L'organisation Terre de liens facilite les installations agricoles.

En plaçant notre argent ailleurs que dans des banques, nous pourrions devenir, selon l’auteur de cette tribune, des acteurs essentiels de la transition sociale et écologique.

Mathieu Labonne est président et directeur de la Coopérative Oasis, qui accompagne celles et ceux désirant vivre dans des écolieux collectifs.



D’urgence il nous faut développer la finance citoyenne (la partie la moins institutionnelle et la plus militante de ce qu’on appelle la « finance solidaire »). C’est une nécessité pour mieux soutenir la transformation écologique de nos modes de vie et une société plus juste et solidaire.
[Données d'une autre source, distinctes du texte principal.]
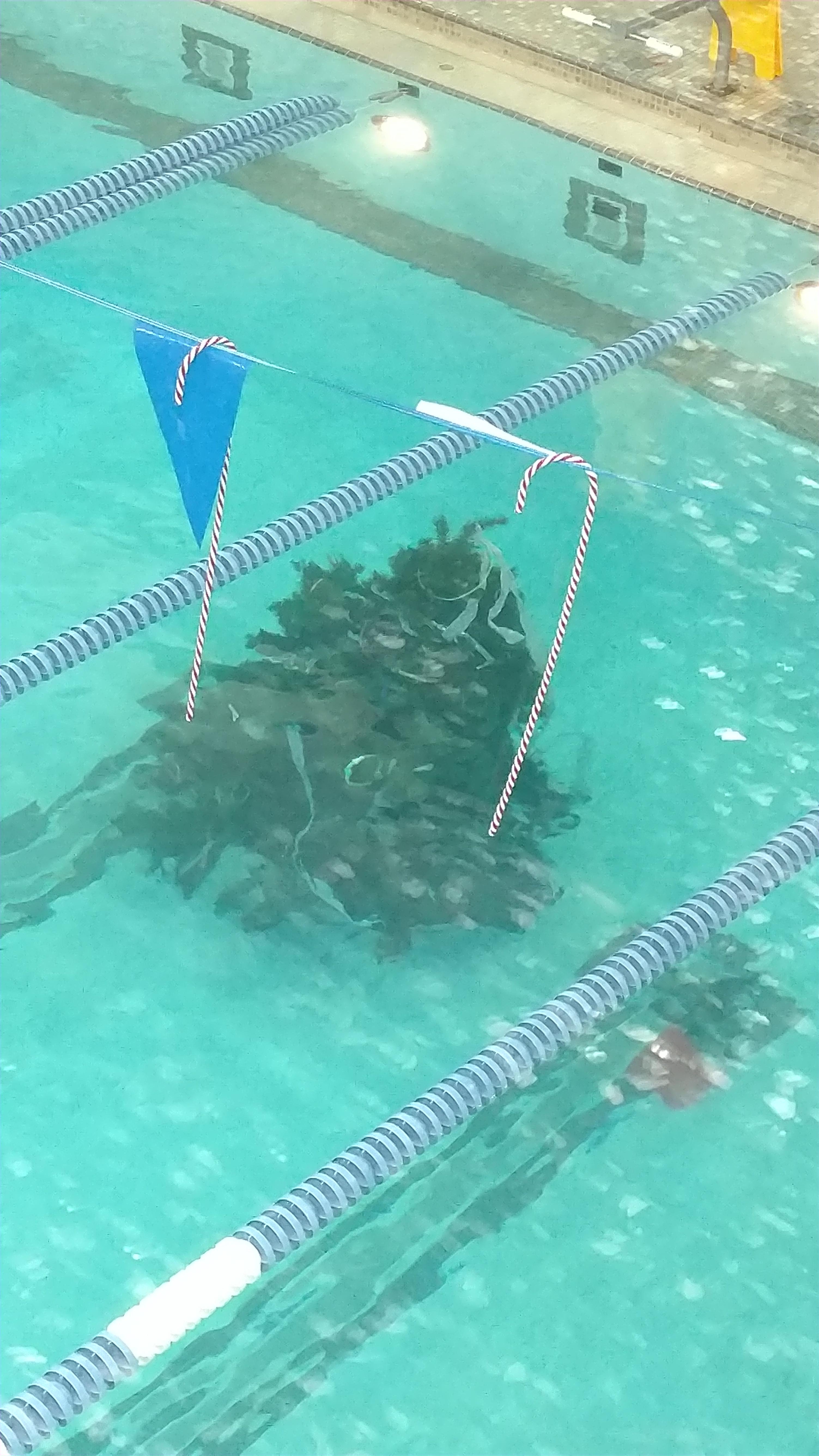 Our YMCA decorated the pool with an underwater Christmas tree. r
Aujourd’hui, nous laissons à l’État et aux banques le monopole de la gestion de notre épargne. Ils façonnent donc notre modèle de société par leurs investissements, et malheureusement pas pour le meilleur… En 2018, une étude d’Oxfam France et des Amis de la Terre démontrait que 70 % des financements énergétiques des banques françaises restaient orientés vers les énergies fossiles, contre seulement 20 % vers les énergies renouvelables. En 2022, leur empreinte carbone représentait encore « près de huit fois les émissions de gaz à effet de serre de la France entière ».

L’État français n’est pas en reste : taclé en juin par le Haut Conseil pour le climat pour la pauvreté de son action publique, il ne dépasse toujours pas le stade des mesurettes avec sa nouvelle planification écologique.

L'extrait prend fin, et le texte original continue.